In Italia siamo tra i paesi peggiori in tutta Europa per un utilizzo improprio dei farmaci antibiotici

Prof. Giuliano Rizzardini, direttore Malattie Infettive Sacco di Milano

Quei molti casi te li ho riassunti prima: 700mila decessi annui legati solo alla resistenza dei batteri agli antibiotici. “In un recente rapporto, la Banca Mondiale mostrava che questi decessi potrebbero facilmente aumentare sfondare quarta 10 milioni arrivando, nella migliore delle ipotesi, all’1-1,1% di perdita del prodotto interno lordo mondiale che però potrebbe anche salire fino quasi al 4%. Quindi un aspetto drammatico ha continuato il direttore del reparto di Malattie Infettive 1 del Sacco di Milano.

Che fare, dunque? Di certo non possiamo prescindere dalla ricerca scientifica e dalla scoperta di nuovi farmaci in grado di bypassare le strategie difensive dei batteri più resistenti. Una strada necessaria, seppur difficile e impervia visto che secondo il dottor Rizzardini sarebbe rimasta bloccata per diversi anni. “È molto più facile per le aziende farmaceutiche concentrarsi sulla ricerca di farmaci per le patologie croniche, anche perché quelle causate dai microbi sono limitate nel tempo e quindi non è molto vantaggioso sviluppare farmaci di questo tipo”.

I comportamenti virtuosi tuttavia possono (e devono) arrivare anche «dal basso». Da noi, per esempio: lavandoci più spesso le mani, perché “molti dei germi resistenti vengono trasportati fuori dall’ospedale dalle mani sporche o dei parenti che toccano il congiunto e poi toccano qualcun altro”, cercando di acquistare prodotti che arrivano da "animali non trattati pesantemente con antibiotici ma da filiere più protette e controllate e limitando l’uso ingiustificato di questi farmaci.

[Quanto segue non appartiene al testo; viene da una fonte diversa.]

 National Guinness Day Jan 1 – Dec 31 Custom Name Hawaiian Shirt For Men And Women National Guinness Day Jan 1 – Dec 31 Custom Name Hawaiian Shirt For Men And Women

L’antibiotico-resistenza però, ha concluso il dottor Rizzardini, si combatte (e si vince) anche con un cambio di cultura. “Devono ragionare per l'uomo e l'ambiente sia i veterinari quando utilizzano gli antibiotici sui loro animali sia noi medici, che siamo chiamati a somministrarlo quando serve e non il contrario. In fondo l’antibiotico non è un antipiretico, è un farmaco con un’indicazione d’uso precisa. Bisogna usare l’antibiotico giusto per il paziente giusto una volta che è stata fatta la diagnosi giusta”.